22.   The strata drafted its bylaws to specify the kind of action that attracts liability. Unlike other sections of the strata’s bylaws, bylaw 7(a) does not use the word “negligence”. Therefore, I find that this bylaw does not import a standard of negligence, and it is not necessary to determine whether the applicant met an applicable standard of care with respect to the maintenance and repair of her toilet. Instead, the key consideration is whether the applicant neglected to maintain the wax seal in her toilet as required by bylaw 2.

23.   The applicant admits that she did not maintain her wax seal, but takes the position that she had no reason to know that it was likely to fail. Under the standard of neglect, whether or not she knew the seal required maintenance, the applicant is responsible for the leak that occurred as a result of the seal’s failure.
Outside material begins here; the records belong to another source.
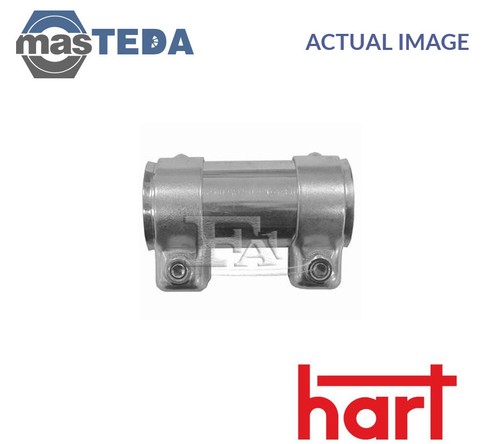 404 076 exhaust - exhaust, clip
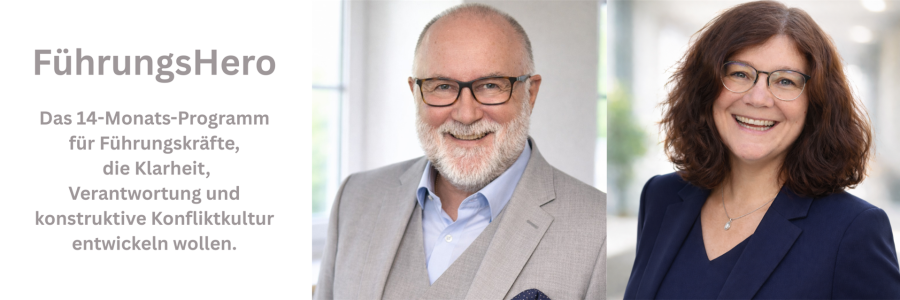 Header Gisela und Peter Krämer (2)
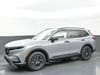 2 thumbnail image of  2026 Honda CR-V Hybrid TrailSport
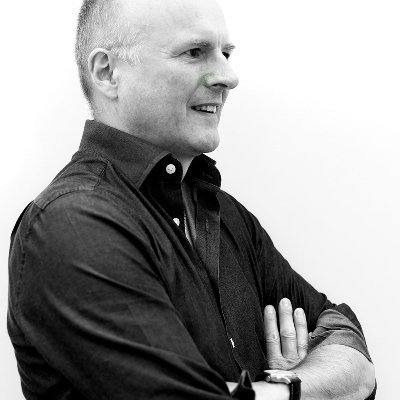 Strategist/Non-Exec. Product, Marketing and Ecommerce troublemaker. FInstLM. BMC and MCS member. Conservation-minded.
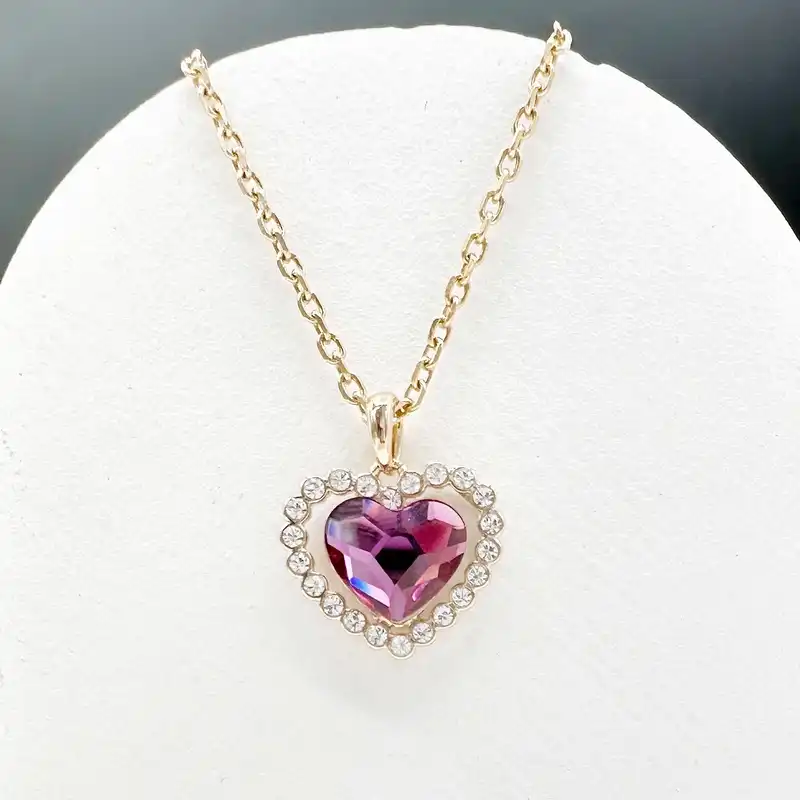 نیم ست زنانه ژوپینگ مدل 09010021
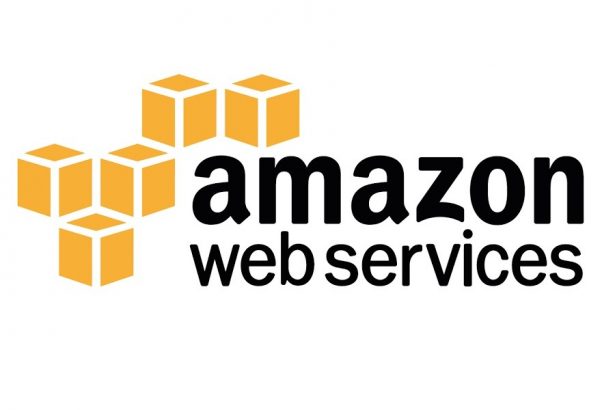 Amazon Web Services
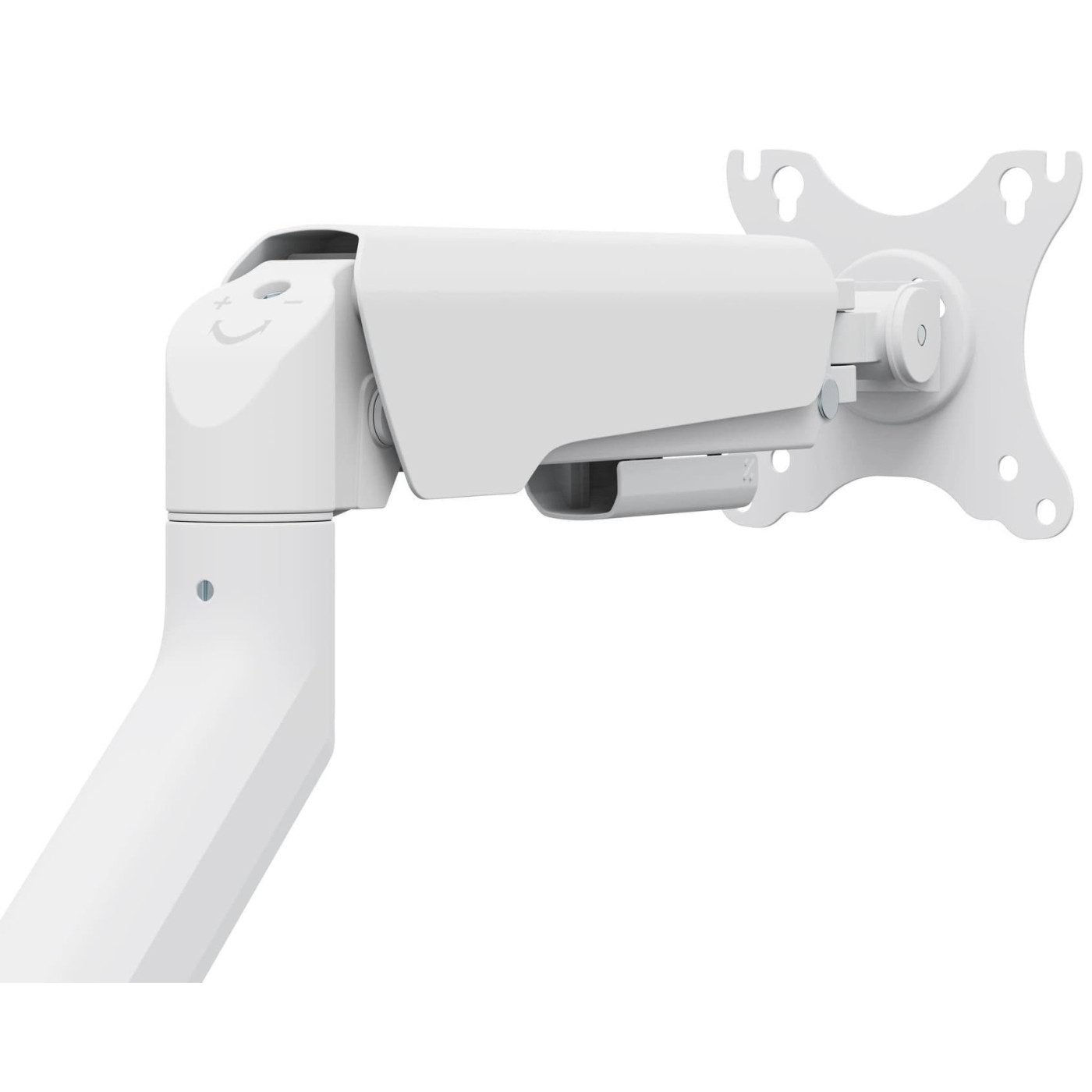 Кронштейн OfficePro MA441W MA441W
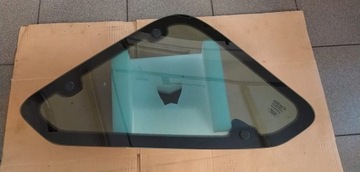 LAND ROVER FREELANDER 3D SKLO (OKNO) PRAVÁ ZADNÍ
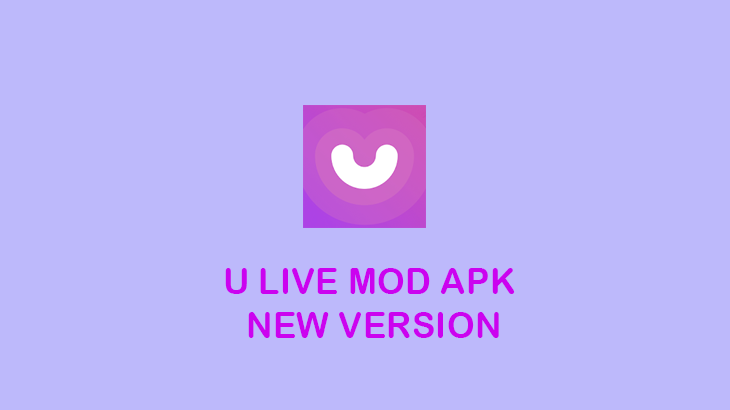 u live apk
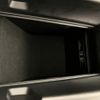 mercedes-benz g-class 2022 -MERCEDES-BENZ--Benz G Class 3DA-463350--W1N4633502X436769---MERCEDES-BENZ--Benz G Class 3DA-463350--W1N4633502X436769- image 14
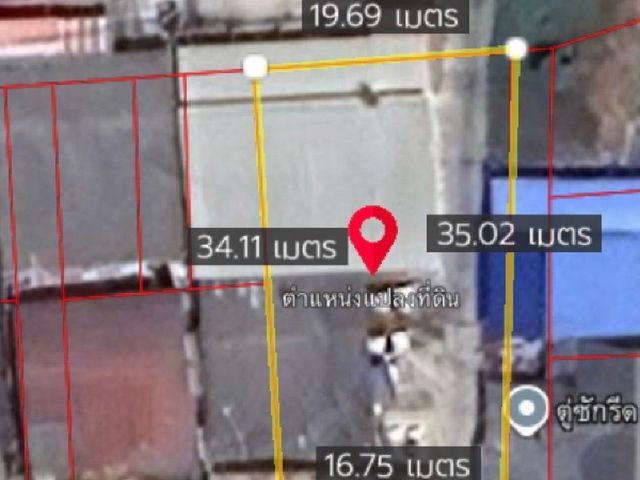 place photo 5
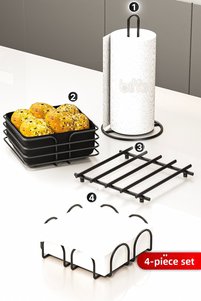 Related product image Bino Napkin Holder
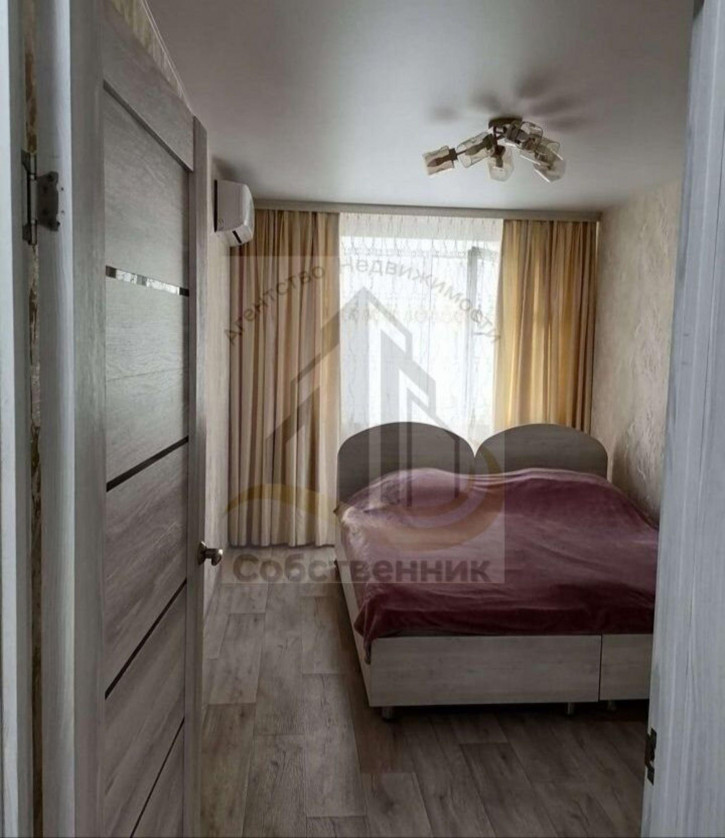 2-комн квартира Загородная ул, 7 2-комн квартира Загородная ул, 7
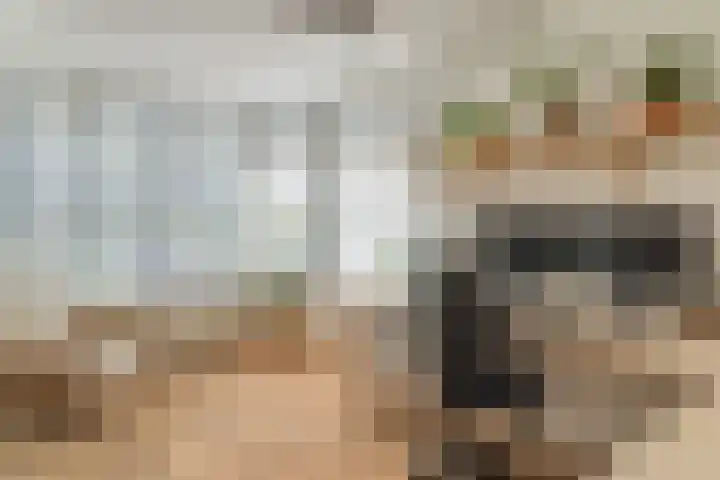 Bleyenbeekdreef 3 Helmond thumbnail 13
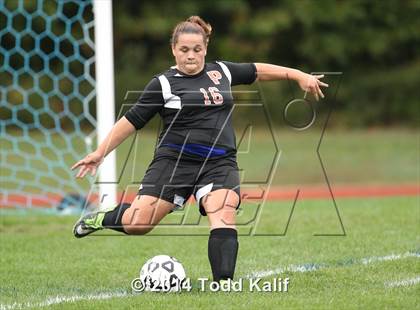 Thumbnail 2 in Plainfield @ Bacon Academy photogallery.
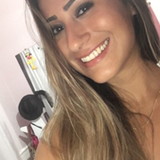 Juliana Nogueira Rodrigues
24.   I acknowledge the views of the applicant and her insurer, but find that these views are not consistent with the wording of bylaw 7(a). I find that the applicant is responsible for the charged back repair costs. She is not entitled to have these charges reversed from her strata lot account. Accordingly, I dismiss this portion of the applicant’s claim.

Applicant’s Insurance Deductible

25.   The applicant seeks an order that the strata cover her $500 insurance deductible.

26.   There is nothing in the SPA or the bylaws that would require the strata to take responsibility for a strata lot owner’s deductible for their personal insurance policy. I find that the applicant is not entitled to payment for this amount, and dismiss this portion of her claim.

TRIBUNAL FEES AND EXPENSES

27.   Under section 49 of the Act, and the tribunal rules, the tribunal will generally order an unsuccessful party to reimburse a successful party for tribunal fees and reasonable dispute-related expenses. As the applicant was not successful, I dismiss her claim for reimbursement of tribunal fees. She did not make a claim for dispute-related expenses.

28.   The strata corporation must comply with the provisions in section 189.4 of the SPA, such as not charging dispute-related expenses against the applicant.

DECISION AND ORDERS

29.   I dismiss the applicant’s claims and this dispute.